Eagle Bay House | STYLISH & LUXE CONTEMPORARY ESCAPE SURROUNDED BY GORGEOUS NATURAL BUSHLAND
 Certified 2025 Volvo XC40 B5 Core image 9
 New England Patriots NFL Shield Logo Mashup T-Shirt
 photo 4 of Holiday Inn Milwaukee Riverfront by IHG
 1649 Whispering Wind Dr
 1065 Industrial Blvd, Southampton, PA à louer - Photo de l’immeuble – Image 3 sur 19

☆ ☆ ☆ ☆

• [Your goal] All lines from the records above should be copied exactly.

• [Exercise response]
Eagle Bay House | STYLISH & LUXE CONTEMPORARY ESCAPE SURROUNDED BY GORGEOUS NATURAL BUSHLAND
 Certified 2025 Volvo XC40 B5 Core image 9
 New England Patriots NFL Shield Logo Mashup T-Shirt
 photo 4 of Holiday Inn Milwaukee Riverfront by IHG
 1649 Whispering Wind Dr
 1065 Industrial Blvd, Southampton, PA à louer - Photo de l’immeuble – Image 3 sur 19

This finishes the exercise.